MOM ALERT: DAUGHTERS LACK ROLE MODELS

My daughter’s sixth grade class participates in an annual tradition in her school called “The Wax Museum.”  The children choose a person/character they would like to represent, and then dress up during a special day in which the entire school participates.  My daughter’s first choice was Massie, the Queen Bee of a prep school in the Clique book series by Lisi Harrison.  Then she decided perhaps Dawn Wells, Mary Anne from Gilligan’s Island was a better choice until she Googled her and learned about her reckless driving arrest, et al.

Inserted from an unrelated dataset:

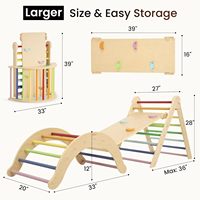 Triangle d'escalade Montessori en bois poli personnalisé avec rampe et échelle, structure d'escalade pliable pour enfants pour aire de jeux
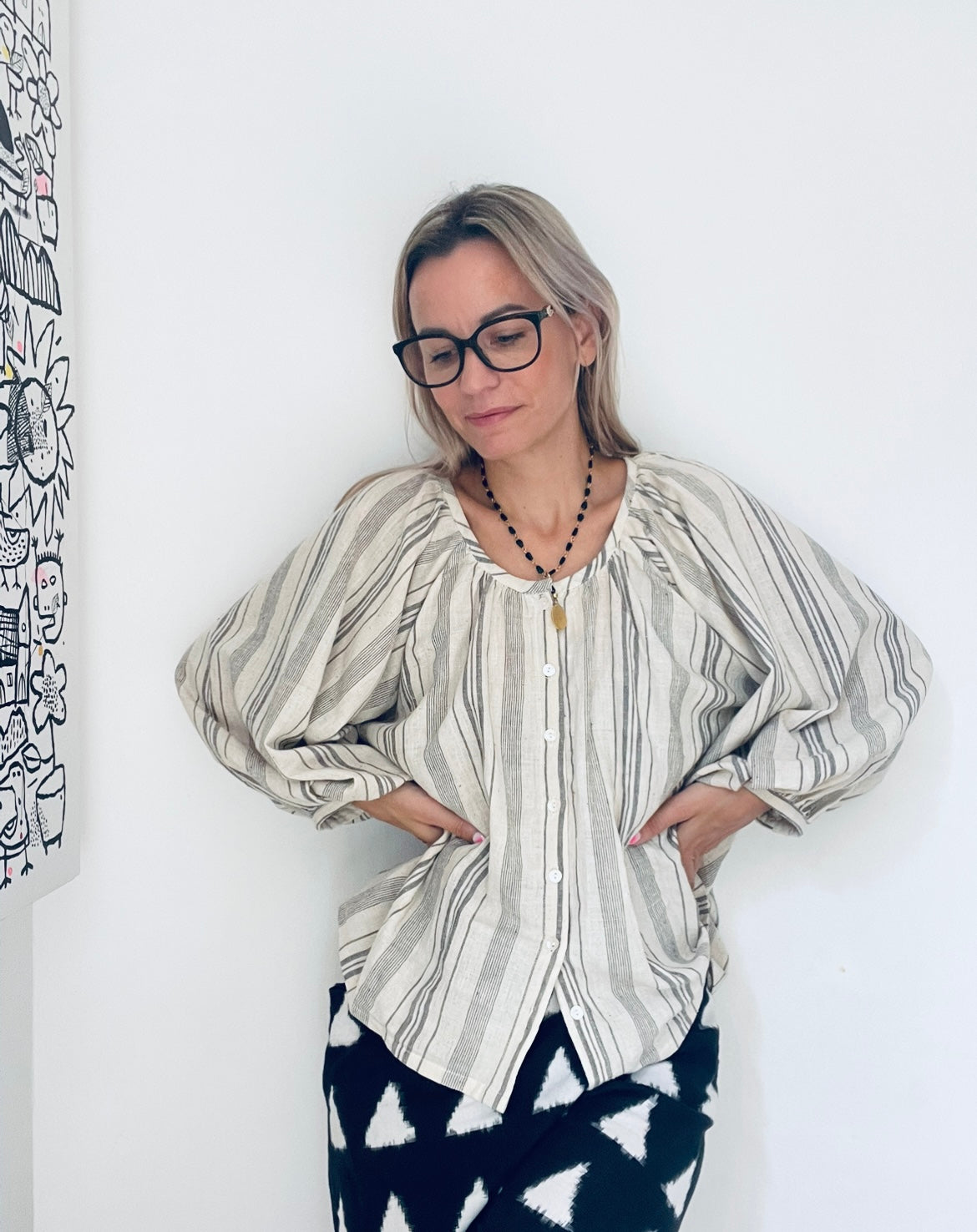 DAISY BLOUSE ORGANIC STRIPE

“What about Sandra Day O’Connor, first woman on the U.S. Supreme Court?” I asked.

“No.”

“Mother Teresa?”

“NO!”

“Susan B. Anthony?  You can be handcuffed and be her when she tried to vote.”

“No.”

“Helen Keller?”

“No.”

“Kathrine Switzer, the first women to register and run in the all male Boston Marathon in 1967?  You can wear a jogging suit with your number half way ripped off like it was on the day she ran when the race director tried to pull it off.

“No.”

“Margaret Thatcher?  You can use your British accent.”

“No.  Tell me some women around today,” she asked.

“Hilary Clinton?”

What was so distressing is watching her dejected face each time I suggested a great woman.  Clearly, no feeling of pride for what women endured and eventually overcame.  Finally, I convinced her that Jackie Kennedy was a grand choice, “She redecorated the White House; she was lovely and glamorous; and she became a book editor after her husband died.”

When I polled her friends on their choices, I was told – Laura Ingalls (young life), Laura Ingalls Wilder (older), Queen Elizabeth, I don’t know, JK Rowling, Snape (male character in Rowling’s Harry Potter series – don’t ask), and Annie Oakley.   That’s the best we’ve got for our girls, two girls sharing Laura Ingalls Wilder?  She’s a great choice, but where are the contemporary role models?

The Washington Post printed an article in February of this year suggesting great movies for girls with positive role models – A League of Their Own (not bad), Miss Congeniality (huh?), Fly Away Home and Whale Rider. Really? That’s the best we have to offer our girls?

Not surprisingly, kids (including mine) watch far too much television.  This article suggests, “One report indicates that for girls ages 12 – 17 years old, 3 out of 4 of their favorite television shows were reality TV shows.”

I think the only clear choice for us moms is to torture our children with one story a week about a woman who did the unthinkable, solved the unsolvable, reached the unreachable and put her stake into the big mountain of I DID IT!

And maybe, just maybe they will understand what it means to really want something so badly that attaining it may just diminish their personal bank of character, will and reputation. Let’s hope that our girls will some day learn that the reward for of one’s hard work is more than money. Daughters of the 21st Century are going to be shocked to find that some things just can’t bought, instead the price is much higher and often much more difficult to spend.